La bulle serait-elle enfin crevée? Après les technos, l'immobilier et les multiples produits dérivés de la Bourse en délire, voici que Bordeaux, un autre secteur frappé depuis des années d'une enflure incontrôlable, semble revenir quelque peu à la raison.

Le prix des primeurs 2008 (les vins goûtés chez les producteurs ce printemps par les acheteurs et quelques dégustateurs et qui sont toujours en barrique) a fortement chuté par rapport aux folies des dernières années.Ces vins n'arriveront ici que dans trois ans, mais vous pouvez déjà les commander parmi la sélection de la SAQ (courrier vinicole, saq.com) ou chez sa cousine ontarienne, la LCBO (par sa branche Vintages).

La correction des prix stratosphériques déjà observée l'an dernier pour les 2007 s'accentue pour les 2008, une année pourtant jugée plus prometteuse, selon les experts.

Les grands vignobles français, à force d'exagérer, auraient-ils tué leur poule aux oeufs d'or? Non, mais disons qu'elle a perdu beaucoup de plumes, au grand bonheur des amateurs qui pourront coucher quelques bonnes bouteilles de bordeaux 2008 sans avoir à creuser un déficit olympique dans leur marge de crédit.

La récession y est évidemment pour quelque chose, les consommateurs ayant moins de moyens pour les folies bordelaises. Mais la crise économique n'explique pas tout. Les très grands vins, Petrus, Cheval Blanc et autres pièces de collection, trouvent toujours preneur, même à prix fous, même en temps de récession.

Si les consommateurs québécois peuvent cette année commander des bordeaux 2008 à des prix pré-2005, c'est en grande partie grâce à la stratégie de la SAQ, notre cher monopole que l'on aime tant détester, qui a mis tout son poids de premier acheteur mondial dans la balance.

En débarquant chez les producteurs ce printemps, le directeur Développement et recherche de produits, Denis Marsan, leur a dit: vous ramenez vos prix à ceux de 2004 ou on n'achète pas!

Comme l'explique, en version non décantée, une autre source de la SAQ: «On estime que l'on s'est fait f... en 2007 pour une année ordinaire, pas question de continuer comme ça. Il fallait envoyer un message clair pour que l'on revienne à des prix réalistes.»

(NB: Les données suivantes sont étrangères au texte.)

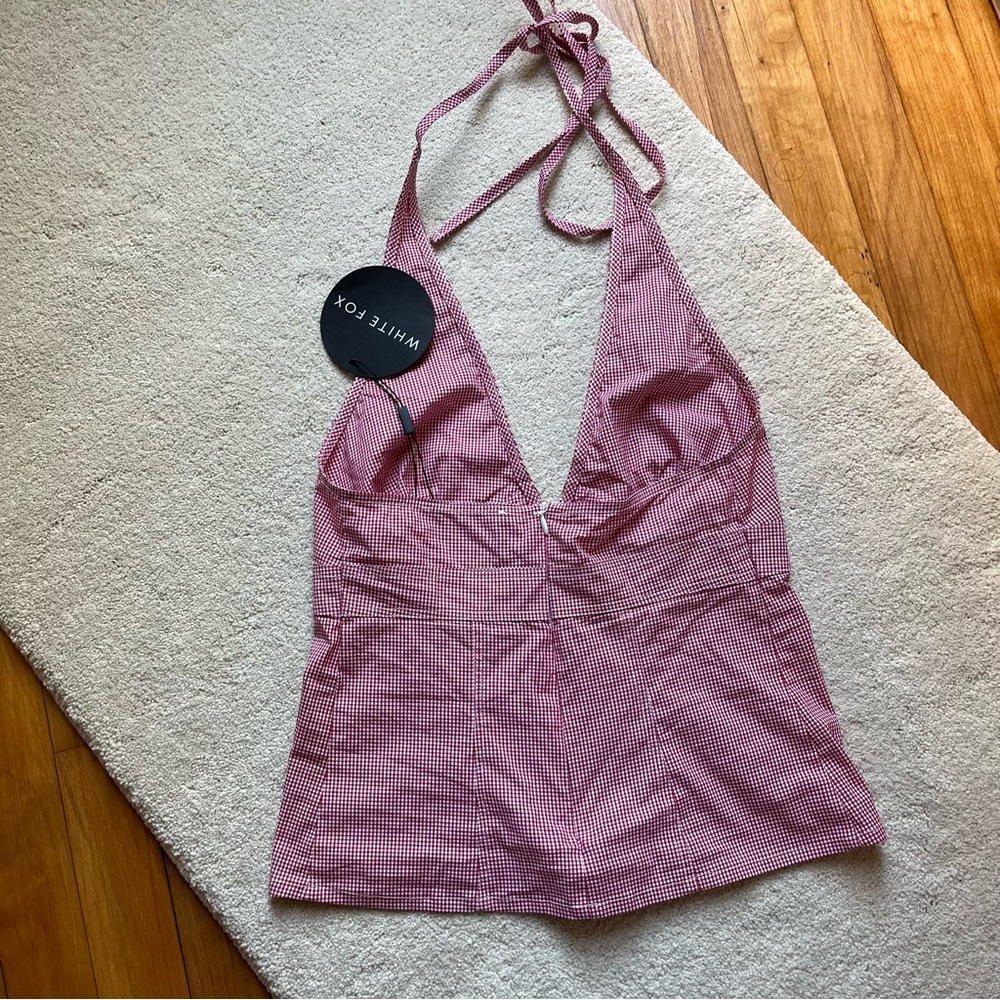 White Fox Red Gingham Halter Top - Picture 3 of 6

Nous ne sommes pas tout à fait revenus aux prix des 2004, mais nous sommes bien loin des extravagances observées à partir de 2005.

Voyez un peu ce que ça donne:

> Cos d'Estournel (une référence viticole et mercantile): 129$ en 2004; 275$ en 2005; 159$ en 2008;

> Cheval Blanc: 399$ en 2004; 1099$ en 2005; 795$ en 2008;

> Petrus: 595$ en 2004; 1299$ en 2005; 795$ en 2008;

> Ausone: 399$ en 2004; 1299$ en 2005; 895$ en 2008;

> Haut-Brion: 265$ en 2004; 1299$ en 2005; 345$ en 2008;

> Pontet-Canet: 75$ en 2004; 115$ en 2005; 119$ en 2008.

La différence, évidemment, est plus marquée pour les très grands vins, dont les prix varient de plusieurs centaines de dollars d'une année à l'autre.

Pour les plus «petits» vins de la hiérarchie bordelaise (enfin, «petits» veut dire ici par rapport aux plus «grands»), on note une augmentation modeste pour les crus classés (ce qui est normal d'une année moyenne vers une bonne année). Un échelon plus bas, celui des vins sans titre aristocratique, la baisse des prix est spectaculaire. Tant mieux. On en reparle la semaine prochaine dans cette chronique.

Moins de vin

> Georges Duboeuf, Saint-Véran 2007 (Code SAQ: 00134742) 19,75$

Ce vin-là est tellement vendu au Québec que c'est devenu presque ringard de l'acheter. J'y ai pourtant retrempé les lèvres récemment. Pour le prix, rien à redire. Classique et fiable. Un peu plus fin, plus subtil et un peu plus cher: Louis Jadot, Saint-Véran, Combe aux Jacques 2008 (Code SAQ: 00597591) 21,25$.